Why did you quit your physics degree?

I started tinkering with electronics. Realising I could write code and make actual things move felt like an immense amount of power I wanted to possess. The first thing I built was ridiculous – retractable guitar strings I could pull out [from my phone] and secure to my belt loop. Then I programmed an iPhone app that made the screen look like a guitar neck – you held the chord on the screen and the phone played the sound when you touched a string. It worked poorly, but when you turn something from an idea into a real thing you’re on top of the world.

Where did you go from there?

Next, I made a toothbrush helmet [a skateboard helmet mounted with a robotic arm holding a toothbrush]. The video on YouTube got 50,000 views. It just kept growing from there.

Why was that playfulness and intentional failure important?

Looking back, building things with a sense of humour definitely helped quell my perfectionism. Also, I just thought it was really funny; I was just trying to make myself laugh. But then, part of it was a defence mechanism. I wasn’t an expert, but now I’ve spent eight years building things, I feel more confident in my skill and I’m trying to shed some of that self-deprecation. I think in some way I was trying to be unthreatening as a woman with skills. Now I want to be threatening.

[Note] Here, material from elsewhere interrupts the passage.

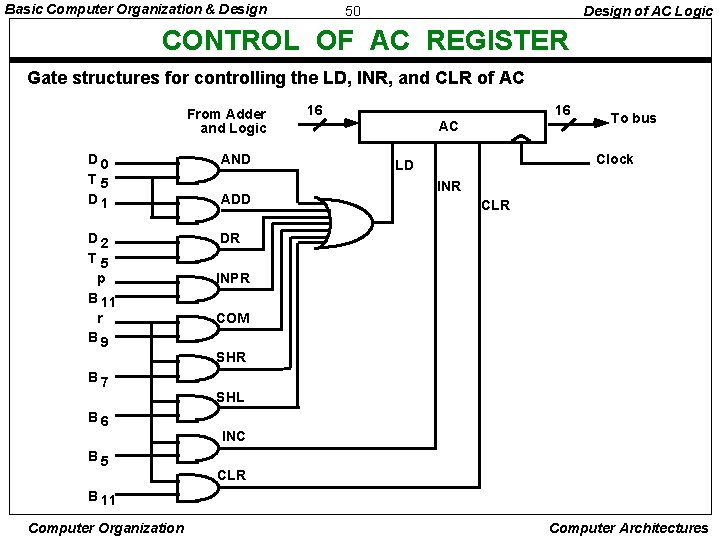 Basic Computer Organization & Design 50 Design of AC Logic CONTROL OF AC REGISTER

What’s your starting point?

With most of my inventions, I’m taking an everyday problem and solving it in the most ridiculous way possible. Then I had a brain tumour, which definitely helps sober things up a bit. When I was recovering, I had such limited energy it made me question how I spent my time. Was I doing the things I wanted to? My stuff still tackles everyday problems, but now in more thoughtful ways.

Like your electronic, light-up, habit-tracking calendar…

I built that because I wanted to meditate daily but it’s hard to maintain a habit. I wanted something that hung on my wall that, if I skip a day, it’s going to be an eyesore – when you tap a day, it lights up. When I was recovering from my tumour, it really helped me through that difficult time. I missed one day of meditation, and that was two days after surgery because I was in hospital and constantly throwing up. But I thought, “This works… maybe it would for other people, too.”

Will all your future inventions be conventionally useful?

I’ve just spent three years designing a foldable hanger for shallow wardrobes and I’m so proud of it. But I’m still building a lot of weird stuff, like a pasta maker made from a make-up mannequin – instead of hair coming out, you extrude pasta. Then it changed to a moustache for technical reasons, but then I had to change it to a goatee, which is just awful.

Inventing must teach you how to cope with frustration and disappointment…

Yes, and solving problems. It’s like doing a puzzle where nothing works the way it should. I remember that feeling I had as a kid when I finished a woodworking project and got to bring it home to show my parents. That’s my fuel now – being super-excited about something I made and wanting to show it to other people.